Source data =>
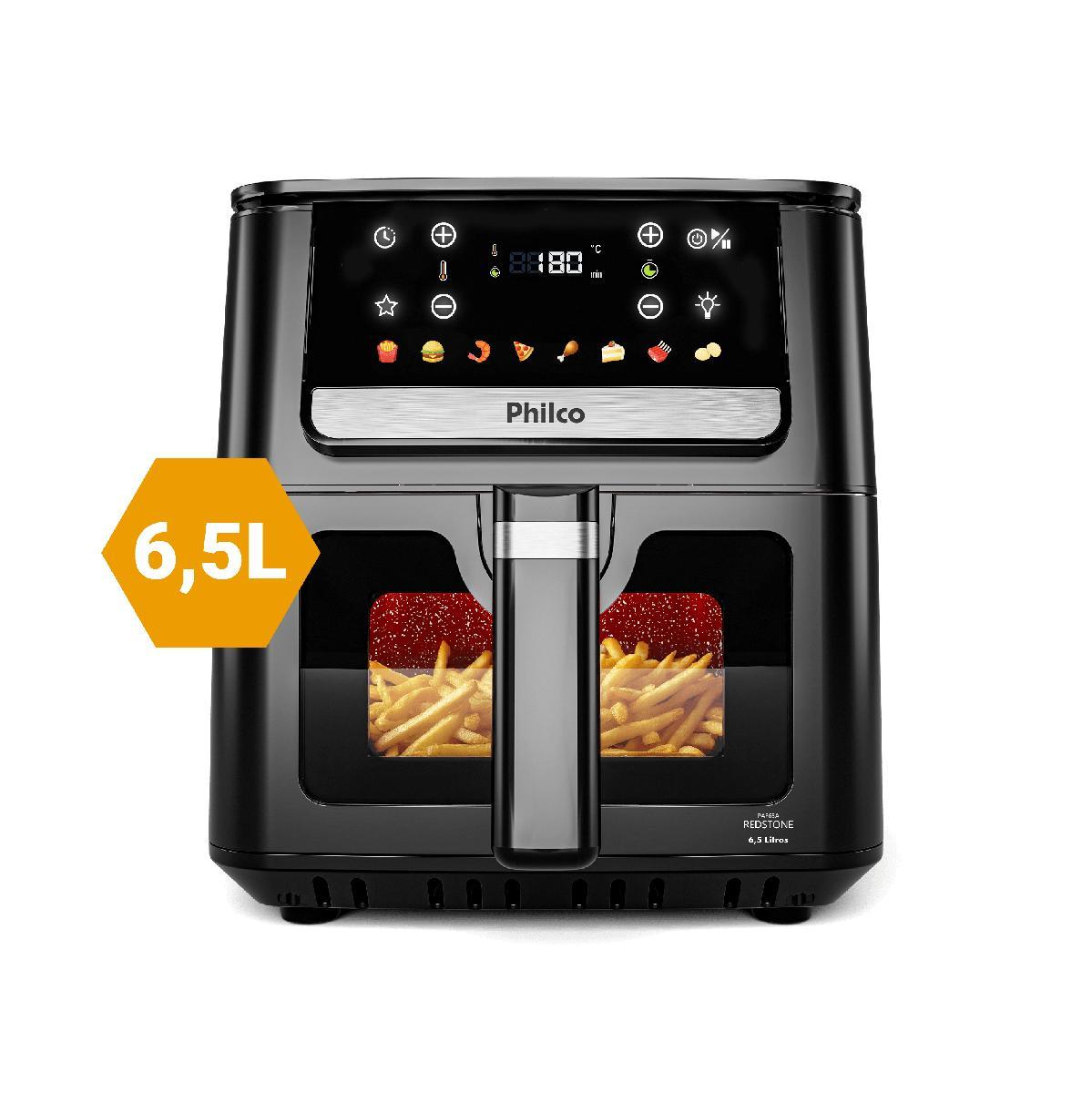 Air Fryer Philco 6,5L Visor Glass e Redstone 1700W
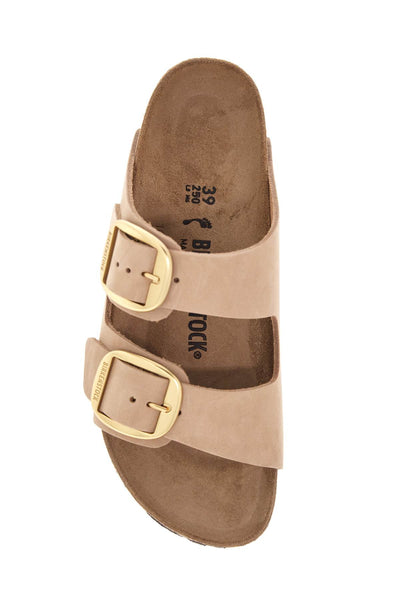 nubuck leather sandals sandcastle with golden buckles 1024064 SANDCASTLE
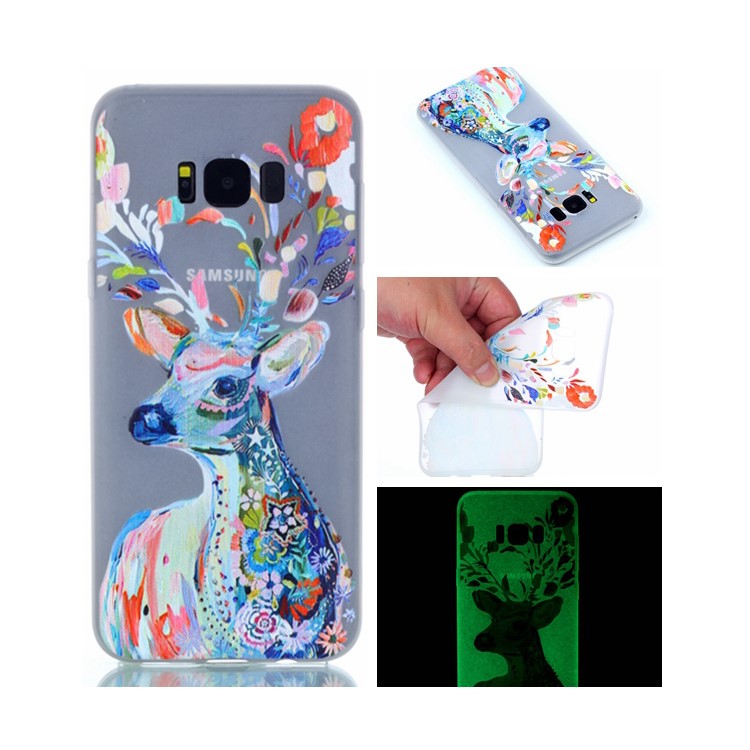Noctilucent Soft TPU Case for Samsung Galaxy S8+ SM-G955 - Colorized Deer-1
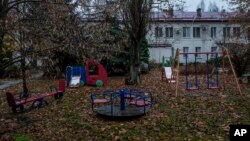 A view of the courtyard of Kherson regional children's home in Kherson, southern Ukraine, Friday, Nov. 25, 2022.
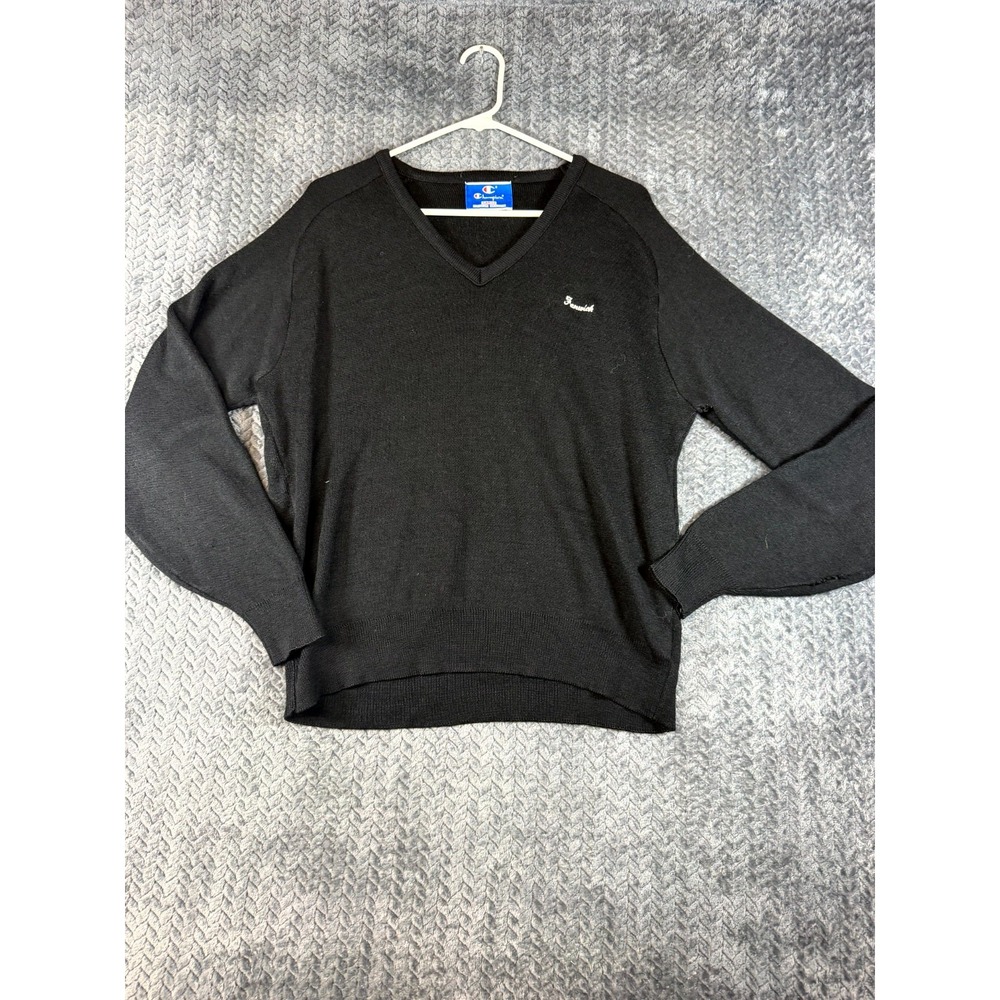 Champion Sweater Mens Large Black High Low Hem V-Neck Tight Knit USA Made 4585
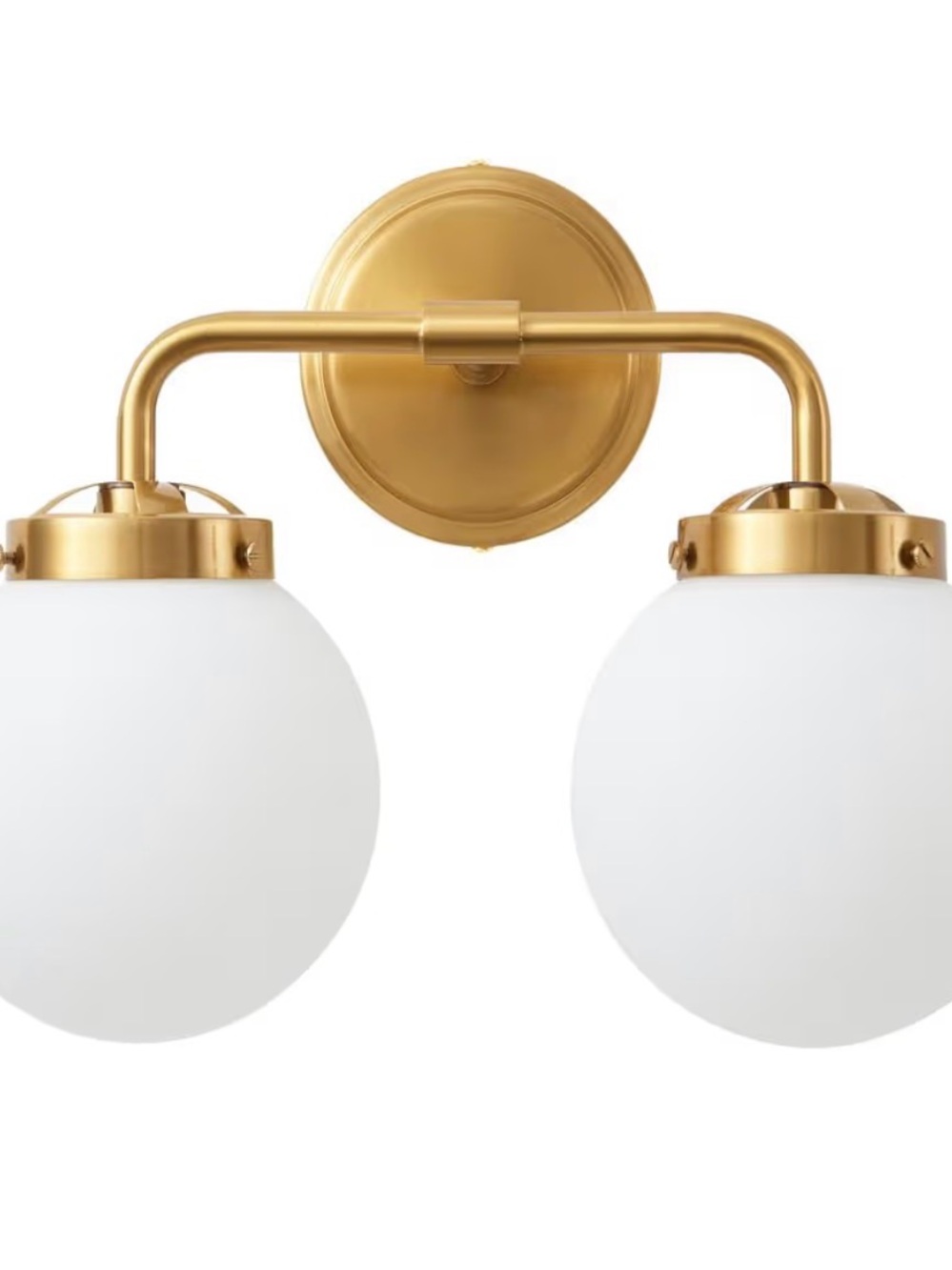 Brass Double Globe Bathroom Wall Sconce - White Glass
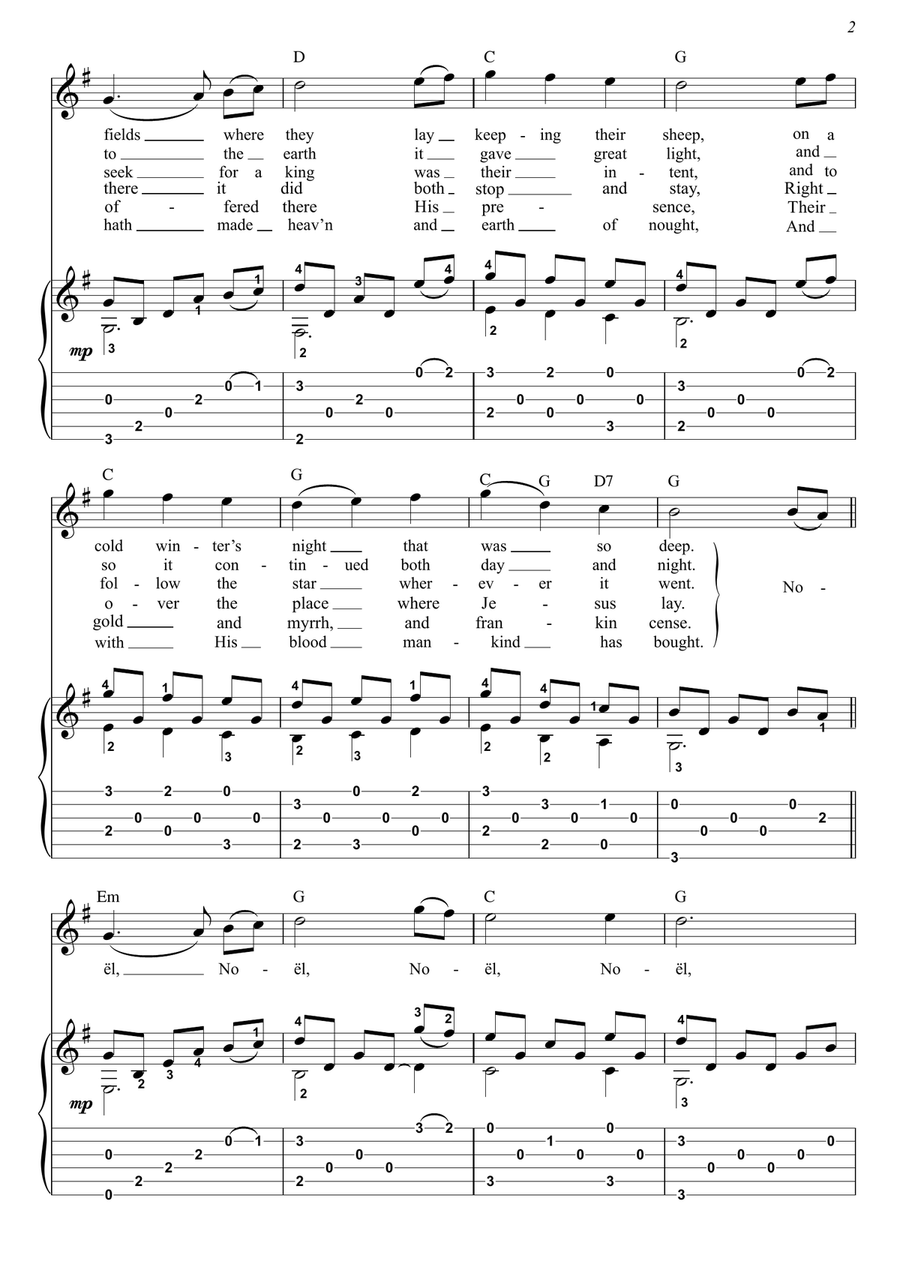 The First Noel guitar fingerstyle Small Ensemble scores gallery preview page 2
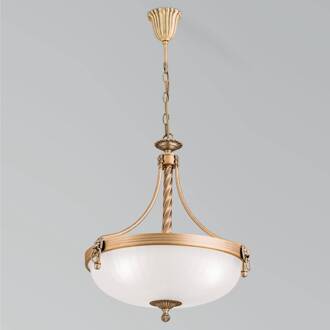 Orion Traditionele hanglamp Noam, 44 cm brons, wit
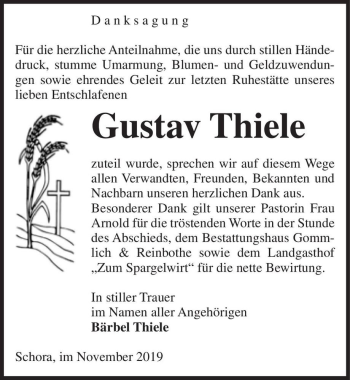 Traueranzeige von Gustav Thiele  von Magdeburger Volksstimme
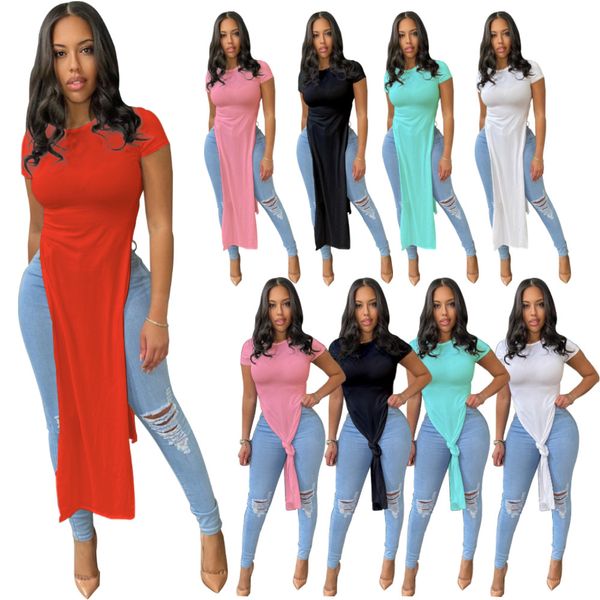2023 designer women's shirts casual sports t-shirts summer y2k trend long blouse solid color women clothing side split short sleeve wh, White
2023 designer women's shirts casual sports t-shirts summer y2k trend long blouse solid color women clothing side split short sleeve wh, White
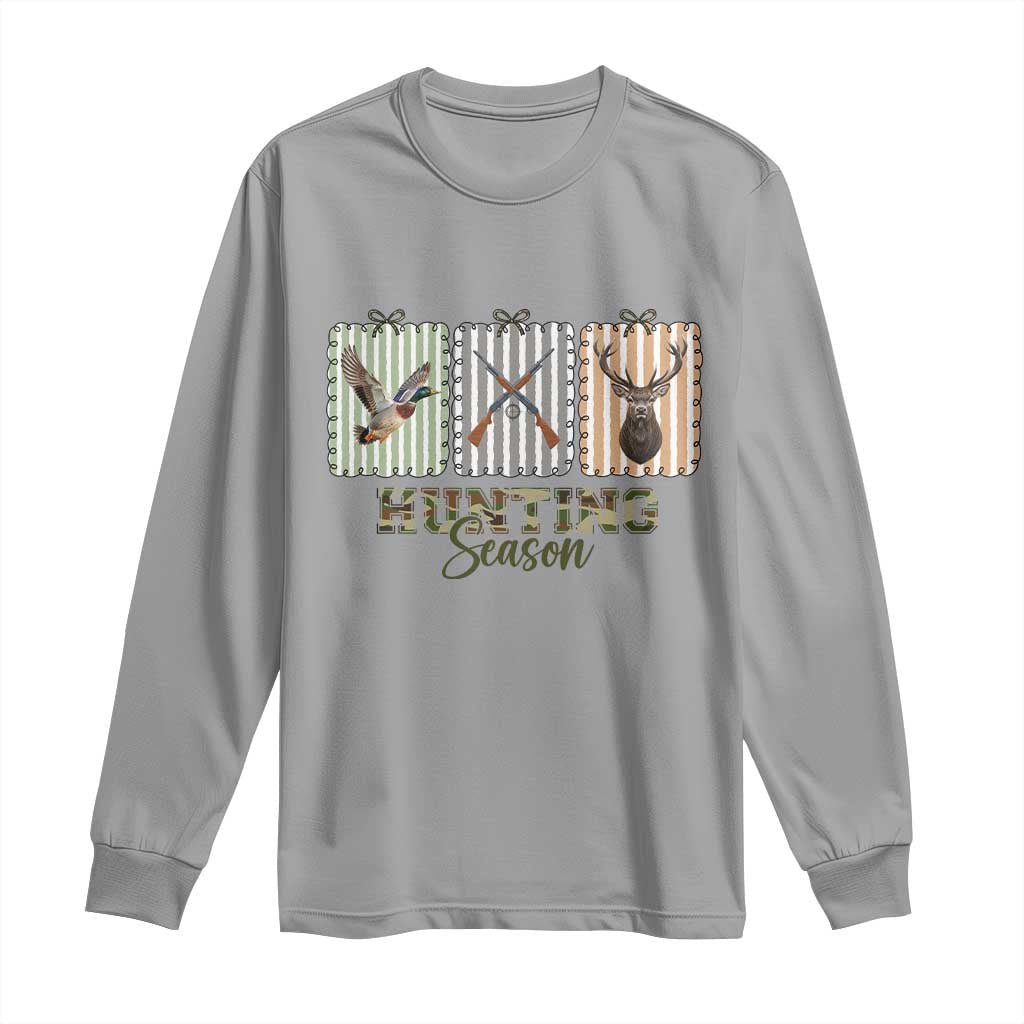 Hunting Season Long Sleeve Shirt Funny Hunter Wife Gift TS12 Sport Gray Print Your Wear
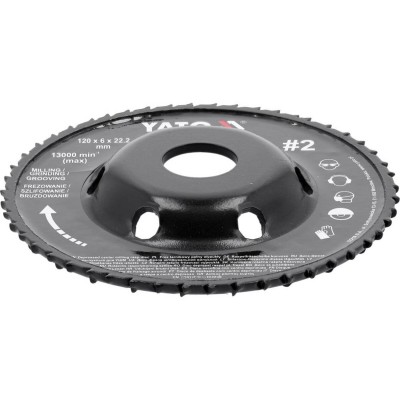 Диск-фреза выпуклый к КШМ YATO YT-59181 (по дереву, шпатлевке, гипсу; Ø=120/22.2 мм, t= 16/6мм шероховатый №2)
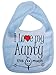 IiE, I love my Aunty this much, Unisex Feeding Bib, Pale Blue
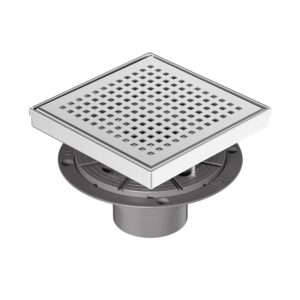 Neodrain 6-Inch Square Shower Drain with Removable Quadrato Pattern Grate,PVC Shower Drain Base and Rubber Gasket for Bathroom Floor Drain, Brushed 304 Stainless Steel, Includes Hair Strainer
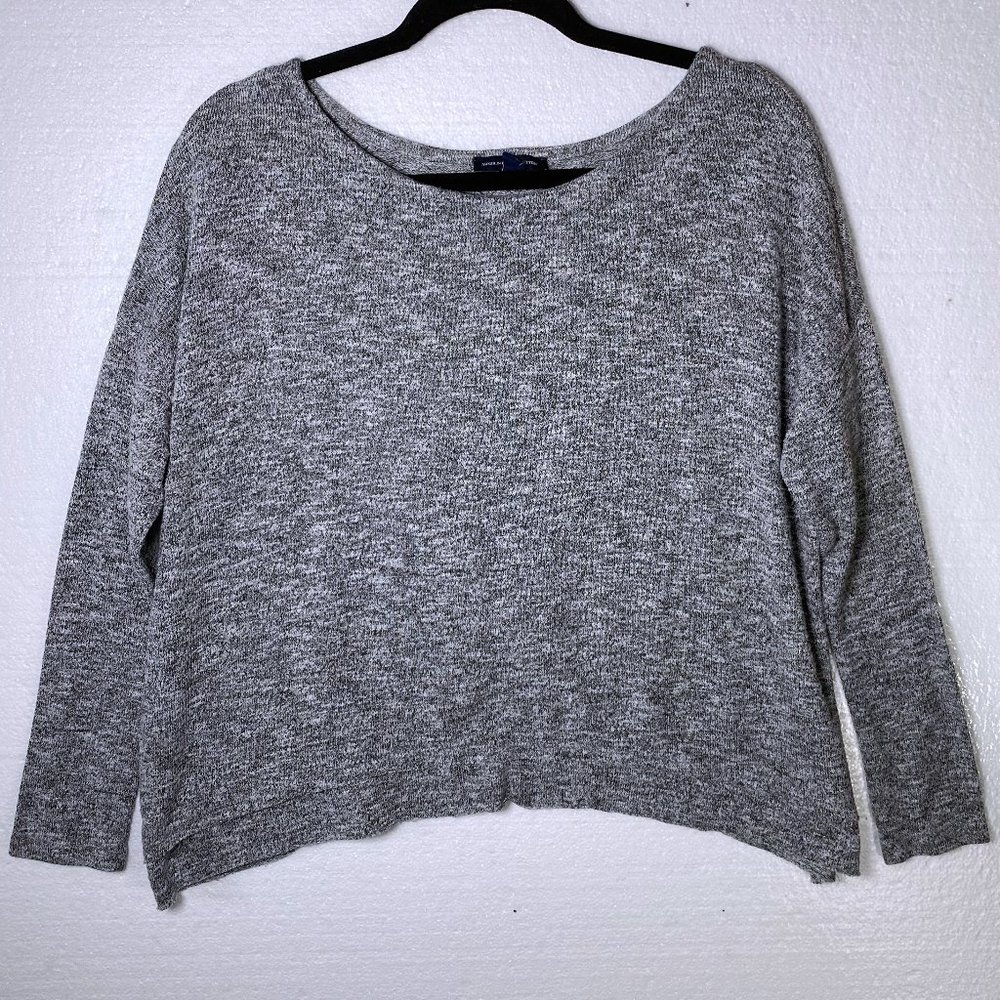 American Eagle M Gray Tulip Hem Oversized Sweater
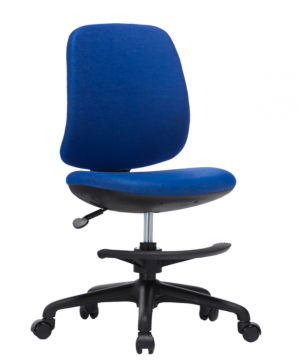 Детски стол Candy Foot Black, дамаска, синя седалка, синя облегалка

Required work => The task requires that every line above be transcribed exactly, without the images.

Solution to the exercise =>
 Air Fryer Philco 6,5L Visor Glass e Redstone 1700W
 nubuck leather sandals sandcastle with golden buckles 1024064 SANDCASTLE
Noctilucent Soft TPU Case for Samsung Galaxy S8+ SM-G955 - Colorized Deer-1
 A view of the courtyard of Kherson regional children's home in Kherson, southern Ukraine, Friday, Nov. 25, 2022.
 Champion Sweater Mens Large Black High Low Hem V-Neck Tight Knit USA Made 4585
 Brass Double Globe Bathroom Wall Sconce - White Glass
 The First Noel guitar fingerstyle Small Ensemble scores gallery preview page 2
 Orion Traditionele hanglamp Noam, 44 cm brons, wit
 Traueranzeige von Gustav Thiele  von Magdeburger Volksstimme
2023 designer women's shirts casual sports t-shirts summer y2k trend long blouse solid color women clothing side split short sleeve wh, White
2023 designer women's shirts casual sports t-shirts summer y2k trend long blouse solid color women clothing side split short sleeve wh, White
 Hunting Season Long Sleeve Shirt Funny Hunter Wife Gift TS12 Sport Gray Print Your Wear
 Диск-фреза выпуклый к КШМ YATO YT-59181 (по дереву, шпатлевке, гипсу; Ø=120/22.2 мм, t= 16/6мм шероховатый №2)
 IiE, I love my Aunty this much, Unisex Feeding Bib, Pale Blue
 Neodrain 6-Inch Square Shower Drain with Removable Quadrato Pattern Grate,PVC Shower Drain Base and Rubber Gasket for Bathroom Floor Drain, Brushed 304 Stainless Steel, Includes Hair Strainer
 American Eagle M Gray Tulip Hem Oversized Sweater
 Детски стол Candy Foot Black, дамаска, синя седалка, синя облегалка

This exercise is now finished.